Statistics of thermomagnetic breakdown in Nb superconducting films

As dissimilar as they might appear, lightning during a dielectric breakdown, failure of interconnects in integrated circuits, snow avalanches on mountain slopes, or popcorn explosion share a common physics ground corresponding to the triggering of a catastrophic event when a threshold stress is exceeded. Interestingly, even if the same experience is repeated under identical environmental conditions, the event will not happen at exactly the same threshold stress. The question as to whether the statistical distribution of this threshold stress follows a universal law for all phenomena is experimentally difficult to answer, since exceeding the threshold point brings along dramatic consequences leading to irreversible changes in the system. Remarkably, superconducting materials offer a unique opportunity to investigate the statistical distribution of similar catastrophic events consisting of non-destructive magnetic flux avalanches in the same sample and thus ruling out the spreading factors associated to unavoidable uncontrollable variations in the replicas of the system.
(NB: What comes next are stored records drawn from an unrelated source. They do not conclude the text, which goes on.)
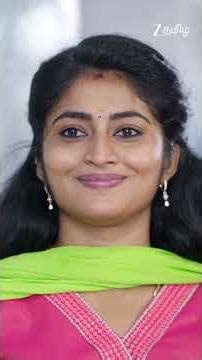 #Veera #Shorts #Zee Tamil #Entertainment #Drama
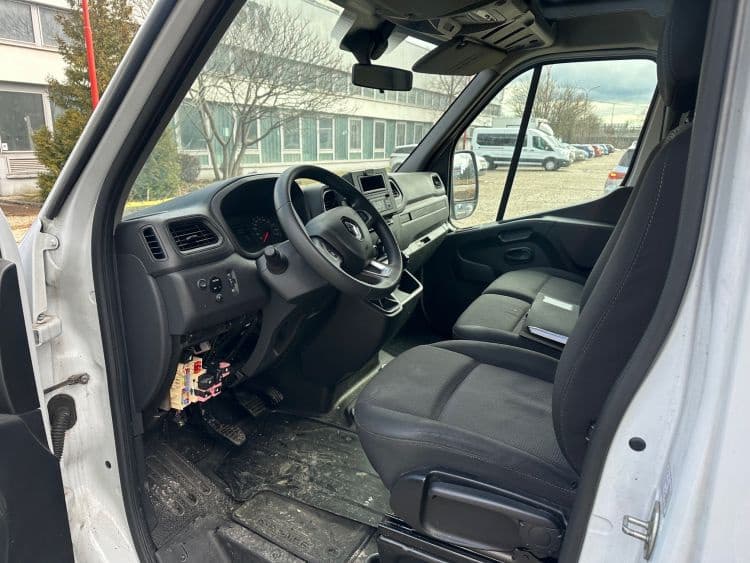 2023 Renault MASTER - 6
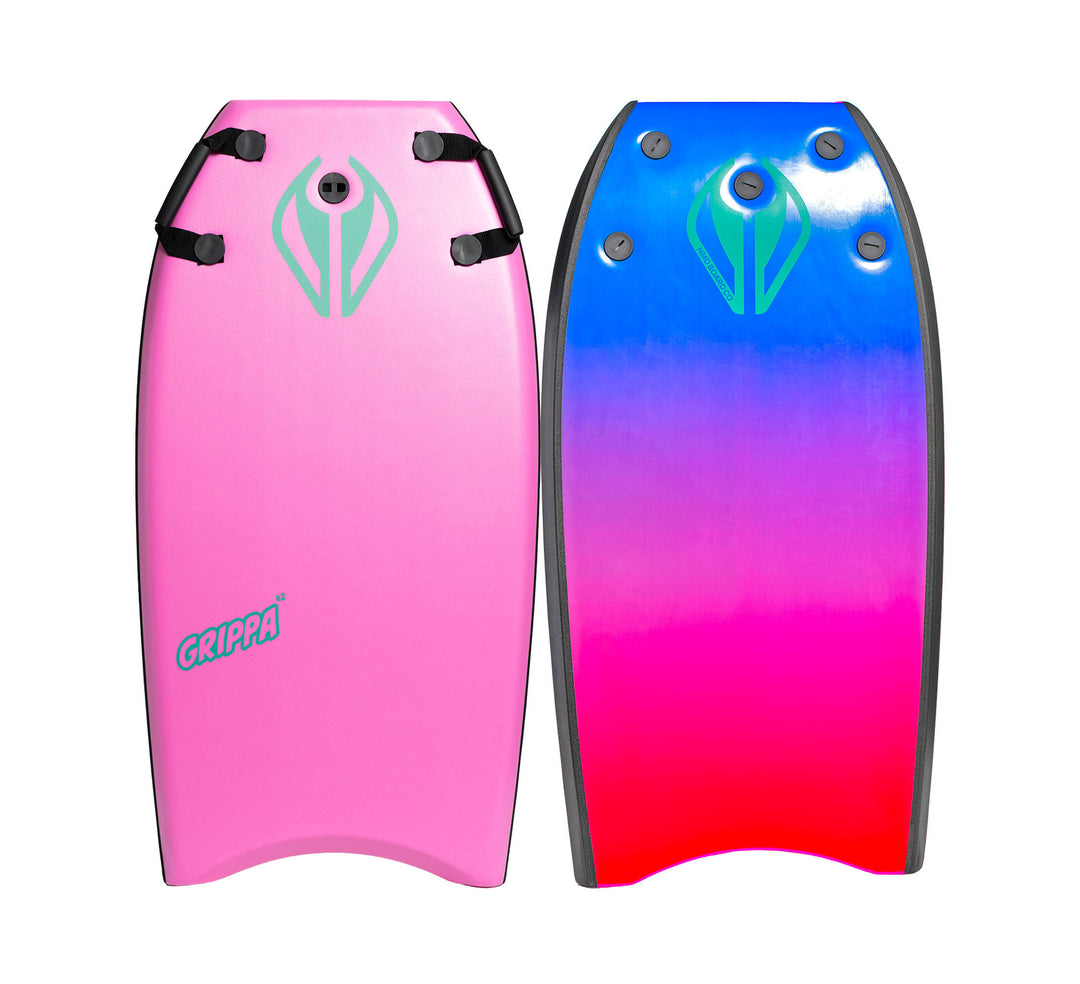 NMD Grippa Bodyboard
Using the magneto-optical imaging technique to record images of the magnetic field in a superconducting Nb sample, we cycled 2000 times the same thermomagnetic breakdown experiment under identical conditions. Based on this experience, we determined the probability density function of the threshold field of thermomagnetic breakdown and tracked its temperature dependence with unprecedented resolution. Strikingly, we identified a bimodal distribution of the threshold field, with a transition from filamentary to dendritic branching avalanches, representing a unique fingerprint associated to avalanches initiated by a thermomagnetic instability, with no counterpart in other catastrophic events such as earthquakes or granular avalanches.